- **What you have to do**
Transcribe each line of the material as it is, and drop any picture.

◇ ◇ ◇ ◇ ◇ ◇ ◇

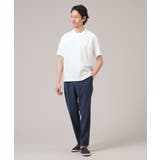 【抗菌防臭】ジャケットインナー 半袖 カットソー | TAKEO KIKUCHI | 詳細画像4 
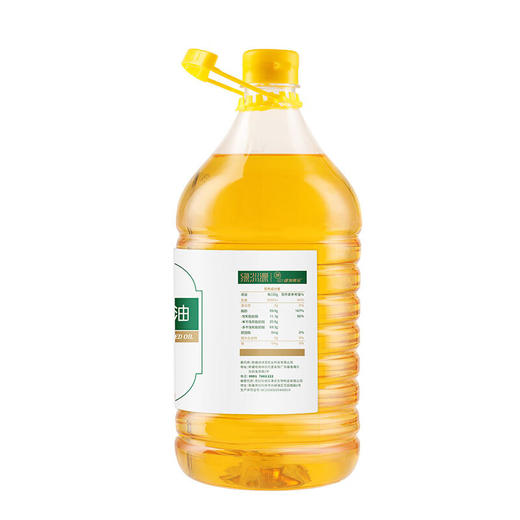 绿洲果实·有机葵花籽油 5L（一级）  物理压榨 烟点高适配煎炒炸 商品图3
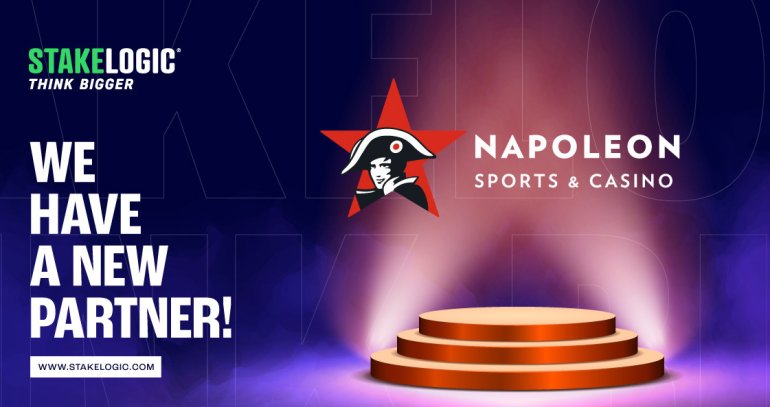 Stakelogic, Napoleon Sports & Casino, Бельгия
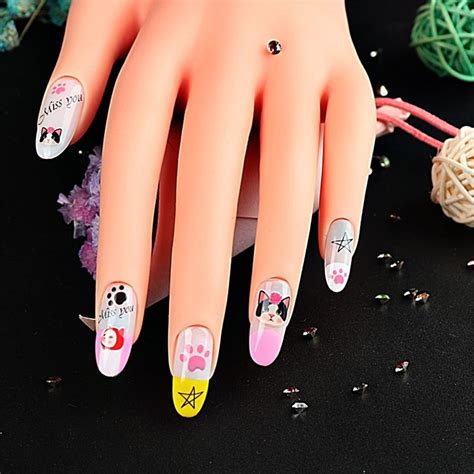 Nail Art Soft Pvc Flectional Practice Hand Model Dreamynailsupply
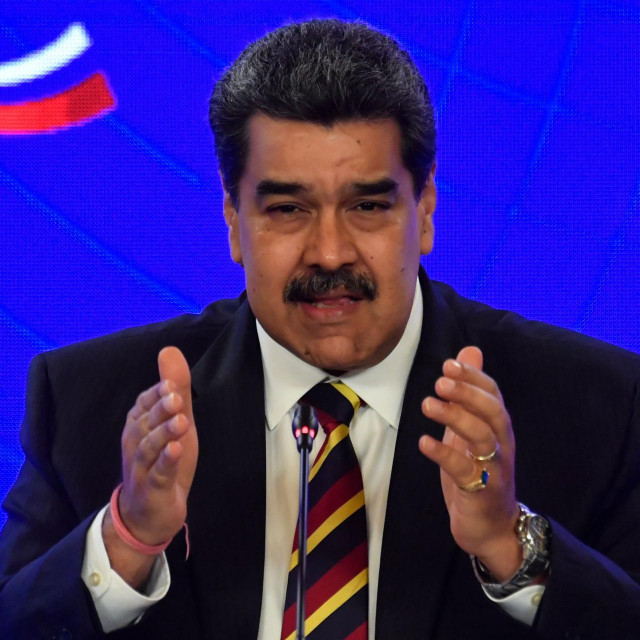 Nicolas Maduro 
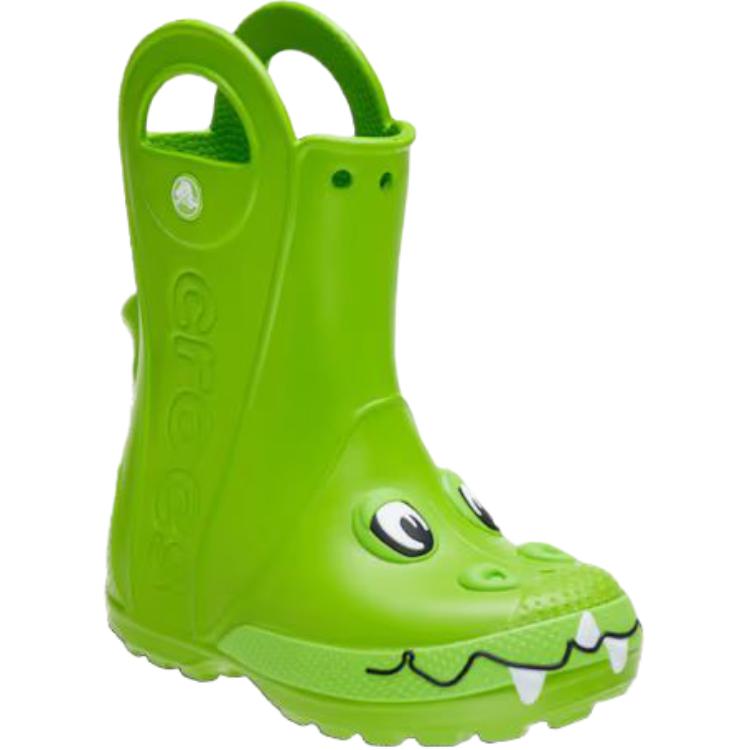 Crocs Handle It Duke Versatile Comfortable Waterproof Kids Boots Kids boots Green 211651-30T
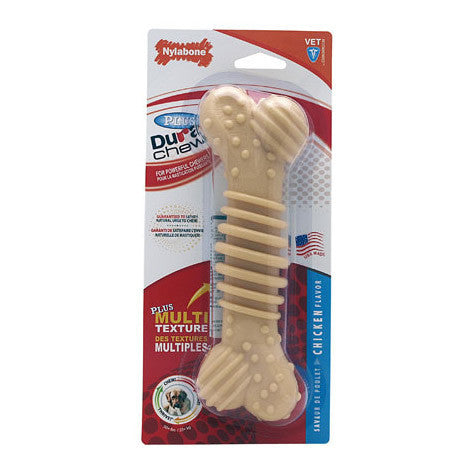 Nylabone Dura Chew PLUS Souper Chicken Flavor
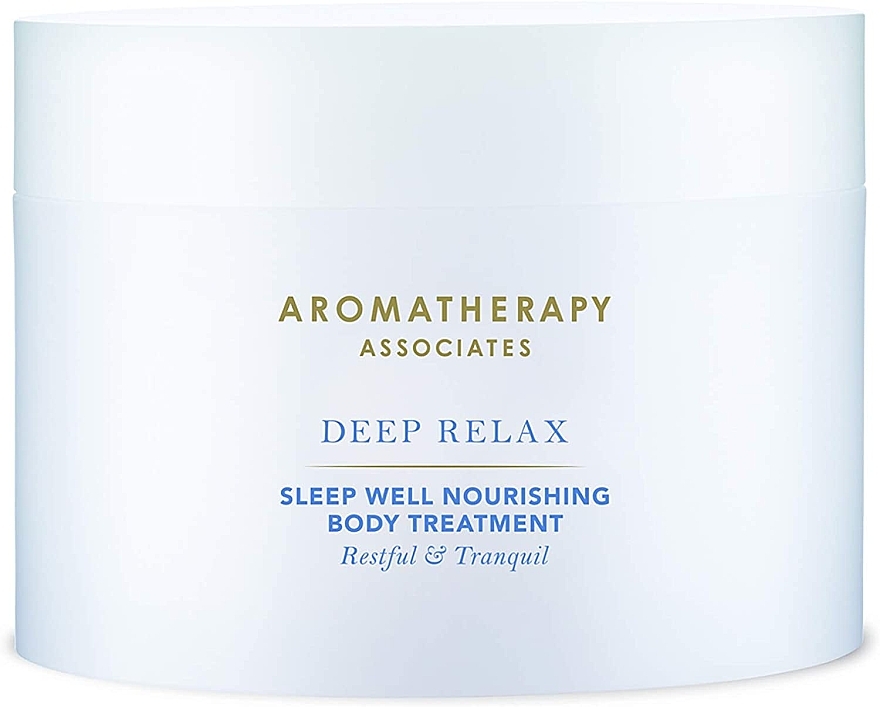 Nourishing Body Cream - Aromatherapy Associates Deep Relax Sleep Well Nourishing Body Treatment — photo N7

◇ ◇ ◇ ◇ ◇ ◇ ◇

- **Task response**
 【抗菌防臭】ジャケットインナー 半袖 カットソー | TAKEO KIKUCHI | 詳細画像4 
 绿洲果实·有机葵花籽油 5L（一级）  物理压榨 烟点高适配煎炒炸 商品图3
 Stakelogic, Napoleon Sports & Casino, Бельгия
 Nail Art Soft Pvc Flectional Practice Hand Model Dreamynailsupply
 Nicolas Maduro 
 Crocs Handle It Duke Versatile Comfortable Waterproof Kids Boots Kids boots Green 211651-30T
 Nylabone Dura Chew PLUS Souper Chicken Flavor
 Nourishing Body Cream - Aromatherapy Associates Deep Relax Sleep Well Nourishing Body Treatment — photo N7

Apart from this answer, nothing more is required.